# [THE PROBLEM]
For every record that follows, write out the text exactly and omit the picture, if one is present.

═══ RECORDS TO PROCESS

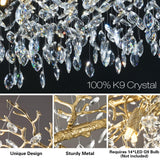 kvtinmty Modern Crystal Chandeliers for Dining Room Over Table, 40" Round Gold Tree Branche Chandelier, Large Crystal Chandelier for Living Room,High Ceiling,Foyer,Entryway,Kitchen Island,Staircase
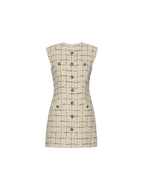 Veronica Beard Tamara Tweed Mini Dress - Ecru Multi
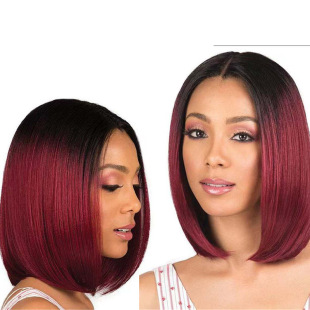 European and American Wigs Dyed Middle Parted Bobo Wigs Export Hot Products Women's Short Straight Hair Black Gradient Burgundy Wigs
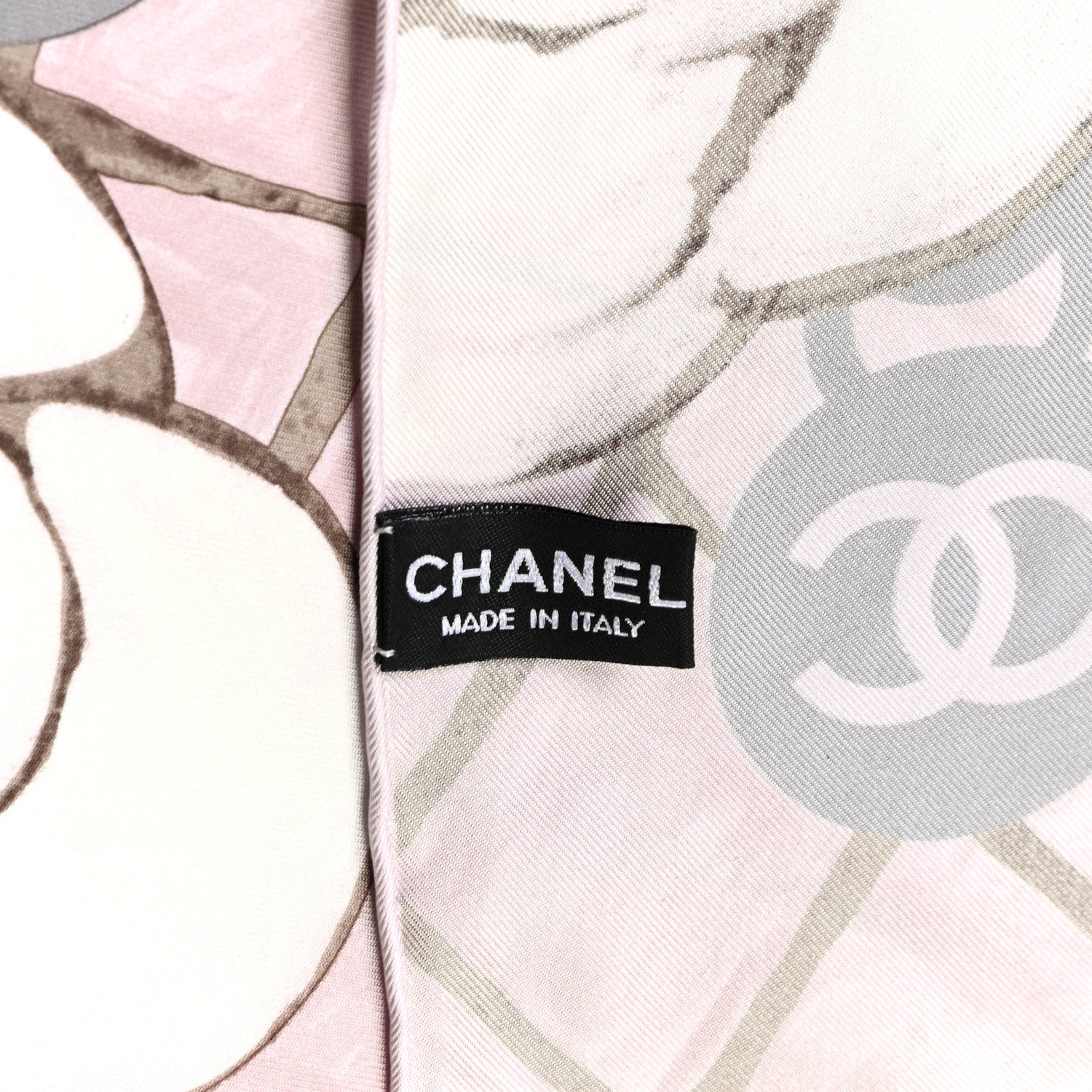 Chanel Silk CC Logo Camellia Scarf White Pink 4 of 4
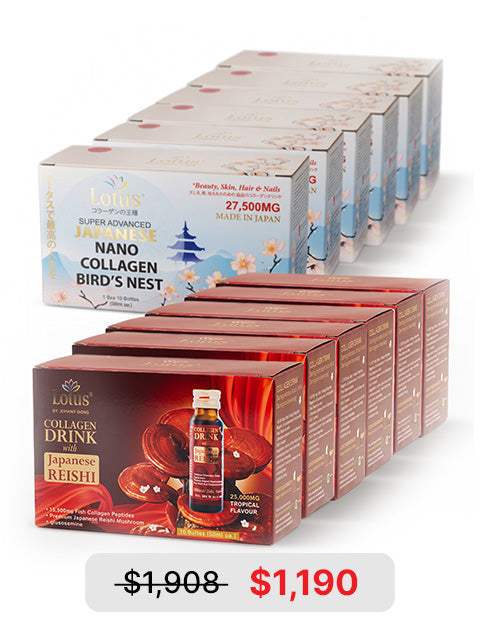 COMBO CLASSIC BEAUTY – SUPER COLLAGEN YẾN & LINH CHI ĐỎ GLUCOSAMINE 内側から輝く美しさ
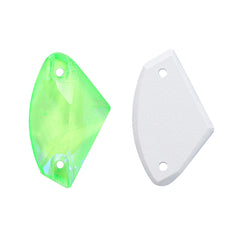 Electric Neon Peridot Galactic Shape High Quality Glass Sew-on Rhinestones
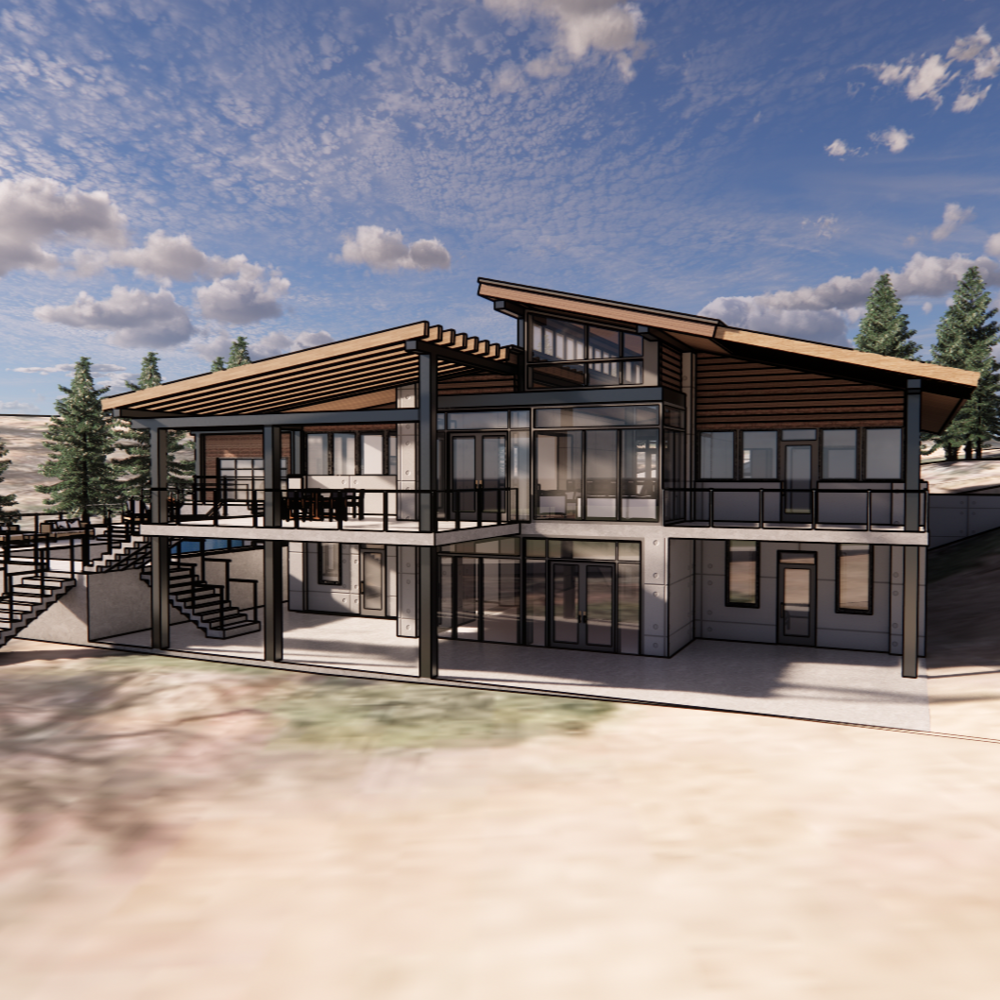 Luxury lake house designed for year-round use, vacation home, vacation rental, multigenerational use. Pool, large veranda, dock, outdoor living space.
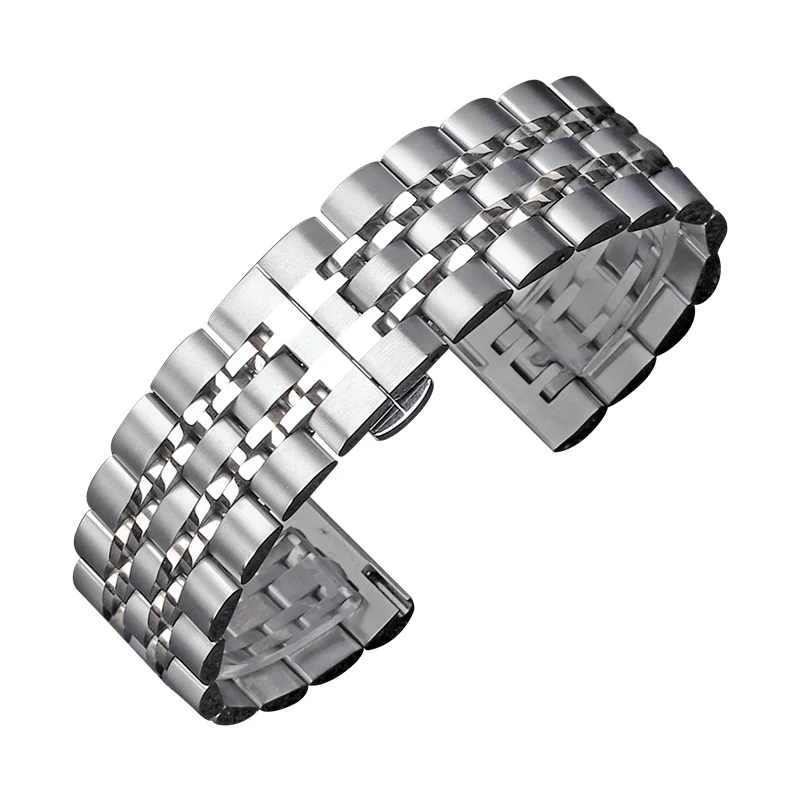 Серебристый 20 мм 22 мм браслет из нержавеющей стали для Amazfit Strato 2 3 samsung gear Sport S2 S3 Galaxy 42 мм 46 мм ремешок для часов металлический браслет - Цвет ремешка: Серебристый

══════

# [FINISHED EXERCISE]
 kvtinmty Modern Crystal Chandeliers for Dining Room Over Table, 40" Round Gold Tree Branche Chandelier, Large Crystal Chandelier for Living Room,High Ceiling,Foyer,Entryway,Kitchen Island,Staircase
 Veronica Beard Tamara Tweed Mini Dress - Ecru Multi
 European and American Wigs Dyed Middle Parted Bobo Wigs Export Hot Products Women's Short Straight Hair Black Gradient Burgundy Wigs
 Chanel Silk CC Logo Camellia Scarf White Pink 4 of 4
 COMBO CLASSIC BEAUTY – SUPER COLLAGEN YẾN & LINH CHI ĐỎ GLUCOSAMINE 内側から輝く美しさ
 Electric Neon Peridot Galactic Shape High Quality Glass Sew-on Rhinestones
 Luxury lake house designed for year-round use, vacation home, vacation rental, multigenerational use. Pool, large veranda, dock, outdoor living space.
 Серебристый 20 мм 22 мм браслет из нержавеющей стали для Amazfit Strato 2 3 samsung gear Sport S2 S3 Galaxy 42 мм 46 мм ремешок для часов металлический браслет - Цвет ремешка: Серебристый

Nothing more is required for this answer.